The good news is it's pissing down as I look through my study window, and the forecast says it'll carry on for most of the day. Fingers crossed the rain keeps up for a fortnight, and not only will we not have to go to stand pipes later in the summer for our water but - far more importantly - that bore of all bores will be abandoned as a washout.

If only. Instead, we'll have to suffer two weeks of non-stop coverage of the sport for people who don't like sport. What a giant yawn Wimbledon is.

(And by the way, I know how enraged my making this point makes tennis fanatics. So please feel free to insult me and my views, but keep in mind one thing: I don't care. In fact I positively relish the fact that my contempt for tennis as a so-called sport drives you all mad. So go on - insult me and my view: make my day!)

UPDATE: The comments are wonderful - light the touchpaper and watch the sparks fly!

One commenter implies that my "world-renowned physique" is in some way connected to my dislike of tennis. I wonder if he's the same chap to whom I have referred previously:

The biggest postbag I have ever received, by quite a long margin, was when I was on the Express and I wrote a couple of sentences after Britain had lost in the Davis Cup to the US. My piece was, almost in its entirety:
Who cares? It's only tennis.

The angry letters flooded in. The best was from someone who had clearly gone to a lot of trouble. Using letters that had been cut from newspapers and mags, blackmail style, it simply said:

You hate tennis because you are a fat bastard.

Whilst the latter point was 50 per cent correct, it was of course a non sequitur to associate this with the fact that I consider tennis to be mind-numbingly tedious: the sport for people who don't like sport.

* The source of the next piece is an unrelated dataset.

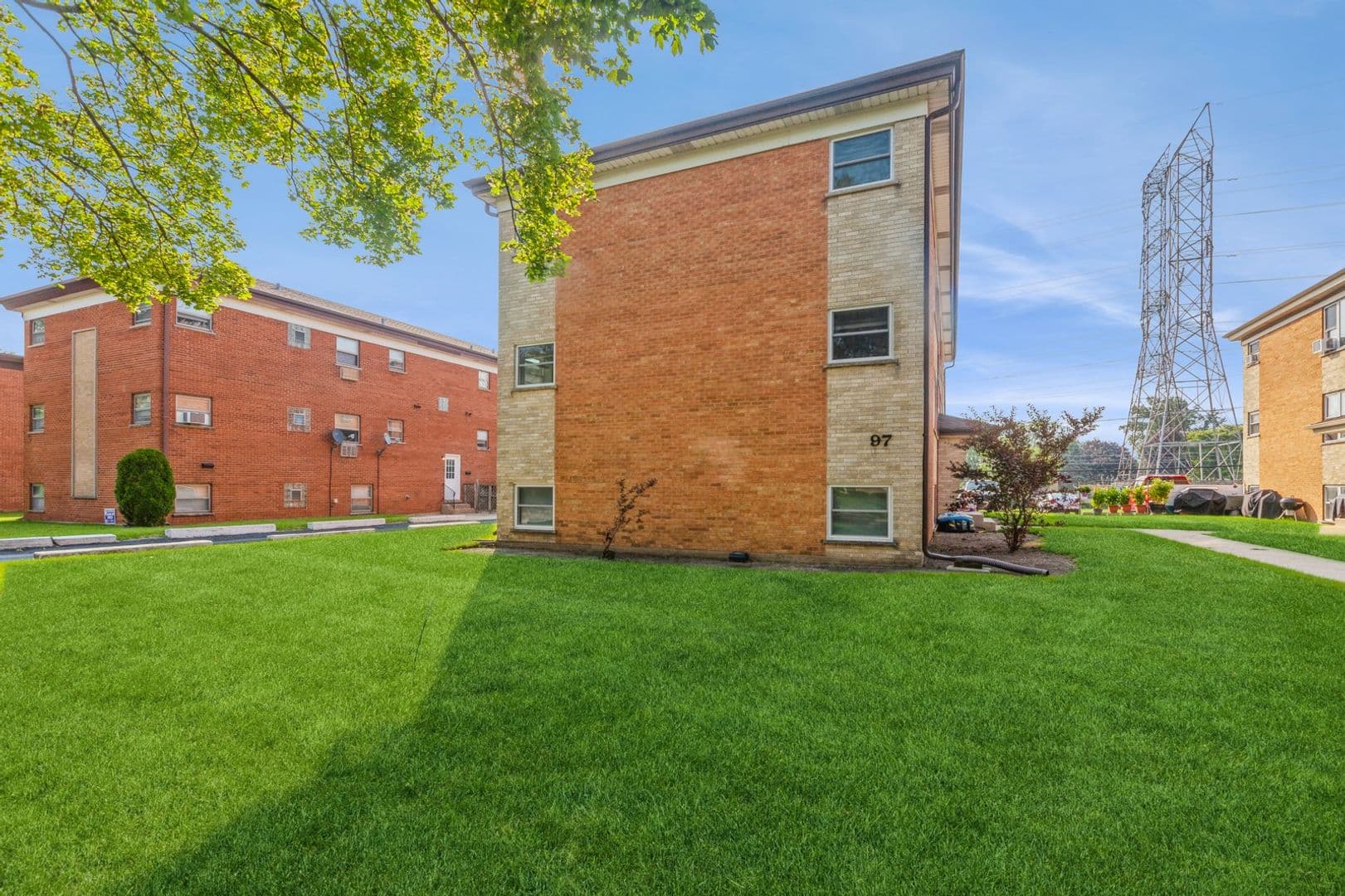 1 bd / 1 ba - Addison, IL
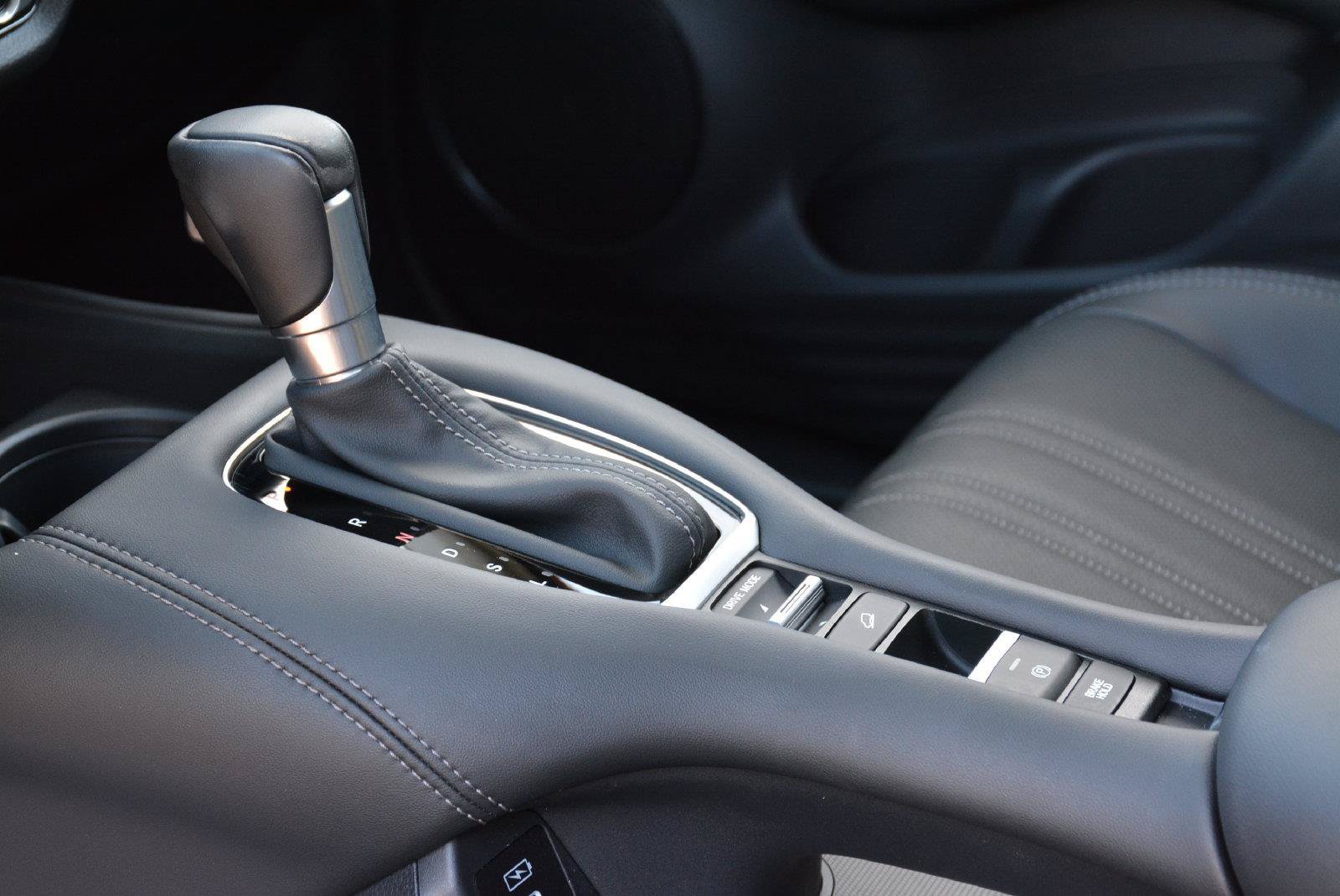 Used 2025 Honda HR-V EX-L image 14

Another commenter however appears slightly over wrought by my having supposedly written about my dislike of New Year's Eve "three years consecutively in The Times". Quite what this has to do with a post about Wimbledon I don't know but, just for the record, it's utter nonsense. I have written about it there once, last December. (I also wrote about it in 2004 in the Mail and in 2003 in the Independent. Unless I am mistaken, they are different newspapers with different readers.)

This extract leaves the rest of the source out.